JED invite le gouvernement à trouver une juste mesure entre les impératifs de sécurité et de défense nationale et le droit légitime du public d'être informé par des sources diversifiées.
(JED/IFEX) – Journaliste en Danger (JED), organisation indépendante et non partisane de défense et de promotion de la liberté de la presse, condamne vigoureusement l’interdiction de diffusion, le 20 juillet 2009 à Kisangani, capitale de la province Orientale au nord-est de la RDC, du film documentaire « Katanga Business » et l’interpellation par l’ANR (Agence Nationale des Renseignements) de son réalisateur, le belge Thierry Michel.
« Katanga Business » est le dernier documentaire du réalisateur belge consacré à la ruée vers l’exploitation minière dans la riche province du Katanga, dans le sud-est de la RDC. Un des acteurs principaux de ce mélodrame est le gouverneur de la province Moïse Katumbi, richissime homme d’affaires de la province, massivement élu député national et provincial avant d’être élu gouverneur.
A Kisangani, une première projection prévue de longue date au campus de l’Université de Kisangani a été interdite, en dernière minute, par les autorités académiques au motif que ce documentaire ne cadrait pas avec le cursus de cette université. Le même soir, une autre projection à l’espace culturel Ngoma a été brusquement interrompue, trente minutes après le début de la projection, par le maire de la ville de Kisangani. Pourtant, la veille, dans la même salle, le film avait été projeté, sans incident, pour un public VIP composé des personnalités politiques locales.
Contacté à Bruxelles par JED, Thierry Michel a déclaré que « le film avait été présenté en RDC plus de vingt fois dans quatre provinces, dont sept villes. » Cette tournée avait pour objectif de créer un renouveau de la diffusion cinématographique en RDC et s’inscrivait dans la logique de celle qu’il avait effectuée, il y a de cela trois ans, avec le film « Congo River ».
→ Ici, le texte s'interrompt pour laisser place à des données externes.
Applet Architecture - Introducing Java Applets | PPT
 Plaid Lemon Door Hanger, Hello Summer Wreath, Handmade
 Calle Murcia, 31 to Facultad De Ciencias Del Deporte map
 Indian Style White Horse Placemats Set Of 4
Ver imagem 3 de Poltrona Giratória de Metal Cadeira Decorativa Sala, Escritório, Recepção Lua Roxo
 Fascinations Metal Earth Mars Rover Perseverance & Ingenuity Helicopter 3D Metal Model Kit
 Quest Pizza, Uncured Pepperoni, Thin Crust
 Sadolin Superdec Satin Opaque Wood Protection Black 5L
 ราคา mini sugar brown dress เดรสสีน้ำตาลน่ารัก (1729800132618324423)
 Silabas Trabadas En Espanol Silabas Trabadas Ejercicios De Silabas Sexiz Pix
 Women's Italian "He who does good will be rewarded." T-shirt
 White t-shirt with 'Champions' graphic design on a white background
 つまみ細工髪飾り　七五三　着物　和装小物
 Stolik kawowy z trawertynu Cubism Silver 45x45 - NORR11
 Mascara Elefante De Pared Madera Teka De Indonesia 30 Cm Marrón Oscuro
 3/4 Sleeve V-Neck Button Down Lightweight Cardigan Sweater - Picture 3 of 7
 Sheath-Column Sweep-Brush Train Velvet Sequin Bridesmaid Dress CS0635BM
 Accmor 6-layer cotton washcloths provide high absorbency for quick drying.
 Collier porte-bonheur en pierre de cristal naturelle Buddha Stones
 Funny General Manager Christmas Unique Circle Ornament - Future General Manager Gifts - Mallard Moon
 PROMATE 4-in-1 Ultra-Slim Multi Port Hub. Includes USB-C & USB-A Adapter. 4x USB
JED ne peut pas comprendre que ce film documentaire retraçant les hauts et les bas de l’exploitation minière dans le Katanga soit subitement interdit au public de Kisangani alors qu’il a été normalement projeté dans plusieurs villes du pays dont Kinshasa et Lubumbashi. JED estime qu’il s’agit là d’un abus de pouvoir qui, s’il n’est pas sanctionné, indiquerait une caution morale des autorités nationales.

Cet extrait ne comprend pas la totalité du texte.